I have an Win2003 Server running Virtual Server 2005R2. Its running just 10 VM's doing various activities. I want to migrate these VMs to a new Hyper-V server that's connected to 1Gb iscsi Sun NAS.

Will I have trouble running lots of VMs from a 1gig channel? I'm used to using 4GB FC connections, so ethernet iscsi is new to me.

When I look at the perfmon disk counter for my current host server, the 10 VMs are using an about 30,000 Avg.

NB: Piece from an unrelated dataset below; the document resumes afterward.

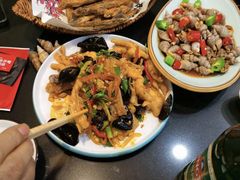 -瑞杰烧烤店·24小时营业(山东路店)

Disk Bytes/Transfer, peaking upto about 60,000. This seems quite low to me, am I looking at the correct counter?

Any advice or tips would be great.

cheers
 
Forgive me, but I'm unfamilar with ESX and diagrams like this.

Storage1 = your Sun SAN?

And the `System` Data` `Citrix` etc are Shares/LUNs?
 
What roles are your VMs doing?

Mail is a big disk hit.... something else to think about is also swapping - any time a VM needs to swap it's going to thrash the disk heavily. Disk I/O is expensive, but RAM is so cheap these days you'll want to go for as much as you can.

1gbit is about 100MB/s once overheads are considered etc - consider you'll get about 30-50MB/s from a single SATA disk on average, you're really not giving your VMs much... does the Sun have multiple ports? You might want to think about adding a 4 x 1Gbit NIC and then running multiple connections to your front end machine(s).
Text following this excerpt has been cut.